– Судите сами, – тихо проговорил
шеф-инспектор и вытащил сложенный вчетверо листок. – Образчик
революционного творчества. Ознакомьтесь.
Марго развернула листок. Ее брови
прыгнули, едва она прочла первые строки:
«Никаких забот не зная,
открестившись от
проблем,
трон Ротбурга занимает
старый кайзер Эттинген…»
Стихи отпечатаны на хорошей пишущей
машинке. Бумага плотная, не из дешевых. Слог – ядовитый, но легкий.

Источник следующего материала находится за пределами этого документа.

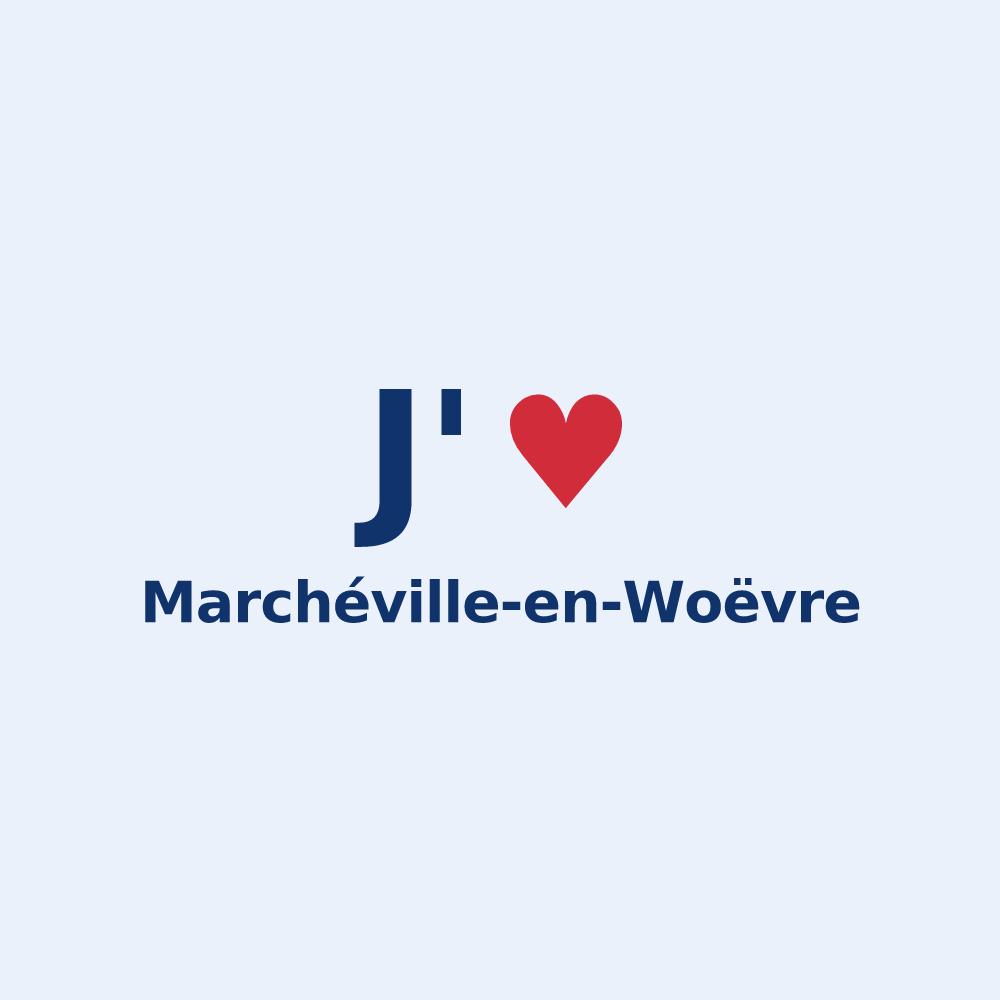 Sticker personnalisé Marchéville-en-Woëvre — design J'aime Marchéville-en-Woëvre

Взгляд сам скользил по строчкам:
«Спуску не давал ни
разу,
нрав крутой и грозный
вид,
только издает указы
так, как Дьюла говорит!
У императрицы вовсе
поважнее есть дела:
неимущим выдать просит
то, что собрала казна.
В милосердие играя,
от реальности бежит,
потому и знать не знает,
что там Дьюла говорит!
На кронпринца рад бы
ныне
понадеяться народ:
он бы Дьюлу взял за
вымя,
только папа не дает.
Так без трона, без
короны
в рюмку полную глядит,
только пишет фельетоны:
"Дьюла глупость
говорит!"
Это, братцы, вам задача,
нерешенная пока:
как бы жизнь
переиначить,
и прогнать бы дурака?
В жилах старого Авьена
революция кипит,
скоро грянут перемены.
И народ заговорит!»
У Марго пересохло во рту. Листок
затрясся, и буквы – черные букашки – посыпались под ноги. Или
только тени играли со зрением злую шутку?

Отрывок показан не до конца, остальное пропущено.